▸ **PROBLEM DESCRIPTION**
The pictures in the listing below are to be skipped, while the lines between the line holding "月光・暮坂―小島信夫後期作品集(講談社文芸文庫) [文庫]" and the line holding "山东旅游景点导游词_第2页", inclusive, are to be output exactly.

▸ **SUPPLIED RECORDS**
◇ ◇ ◇ ◇ ◇ ◇ ◇
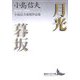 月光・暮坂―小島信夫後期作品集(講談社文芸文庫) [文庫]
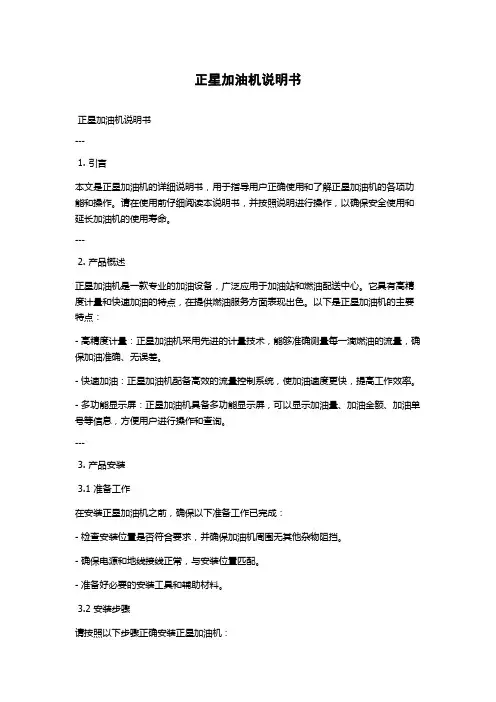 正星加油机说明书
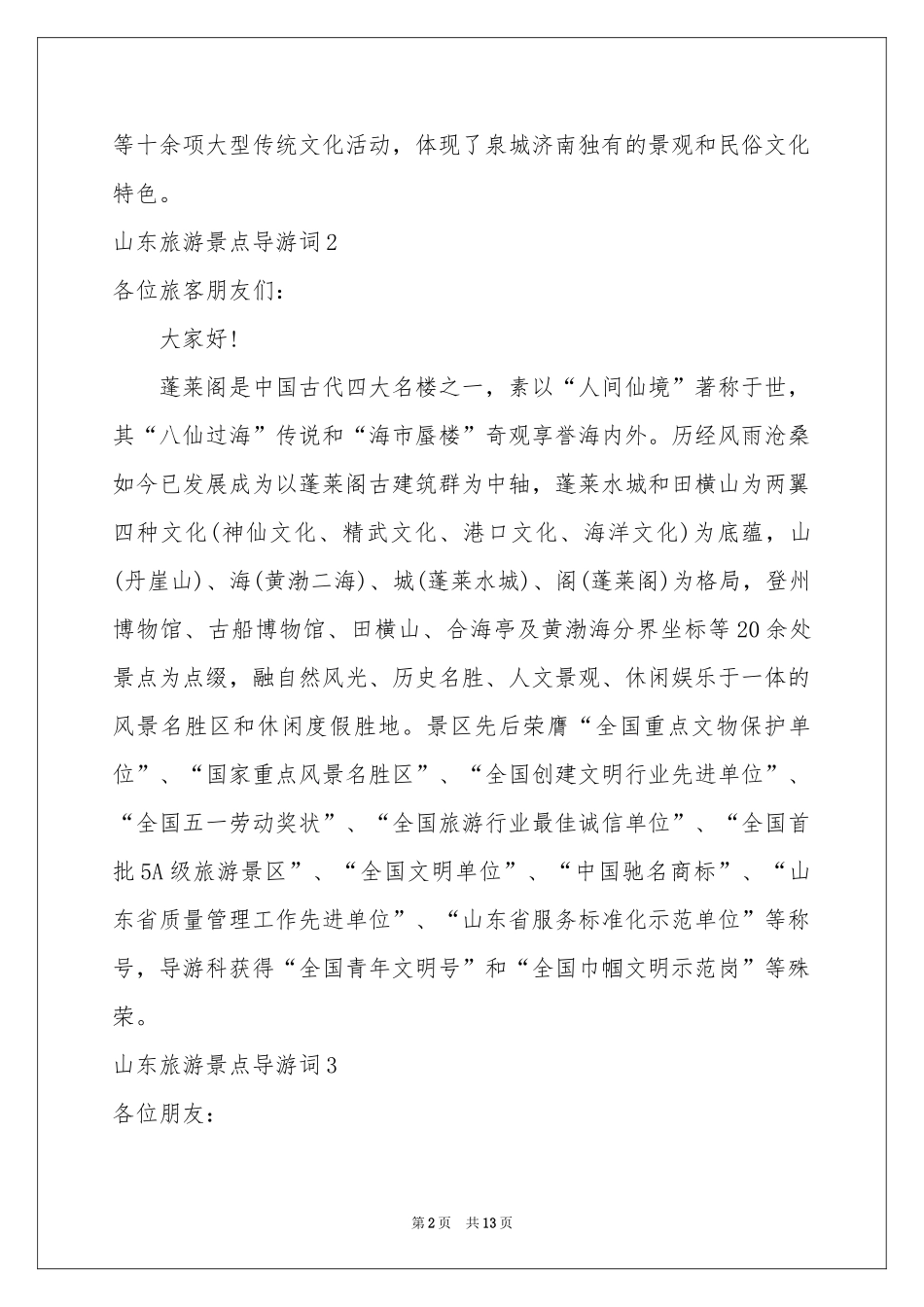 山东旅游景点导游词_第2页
◇ ◇ ◇ ◇ ◇ ◇ ◇
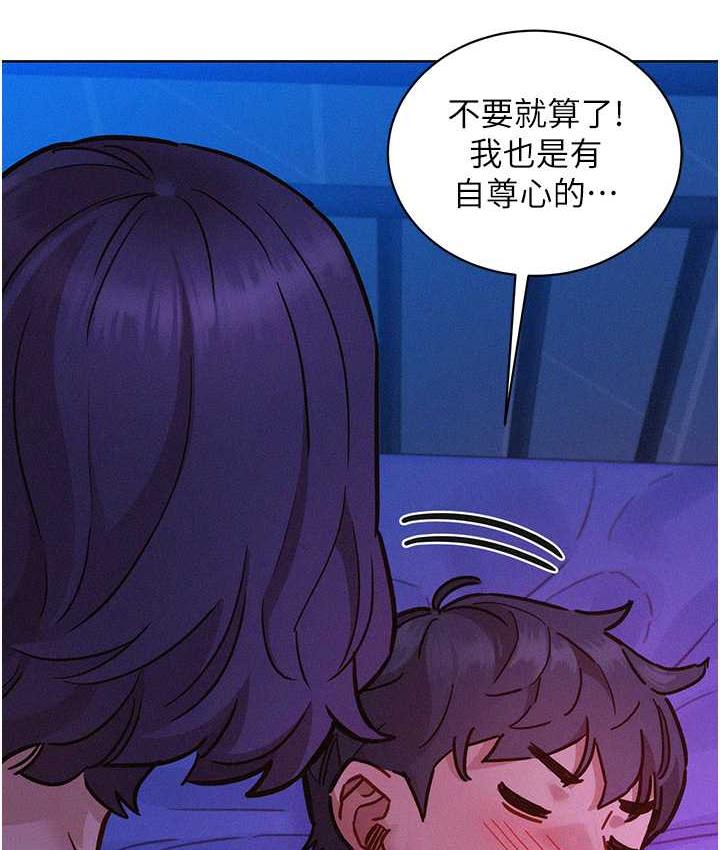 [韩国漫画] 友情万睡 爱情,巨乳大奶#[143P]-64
◇ ◇ ◇ ◇ ◇ ◇ ◇
▸ **WRITTEN ANSWER**
 月光・暮坂―小島信夫後期作品集(講談社文芸文庫) [文庫]
 正星加油机说明书
 山东旅游景点导游词_第2页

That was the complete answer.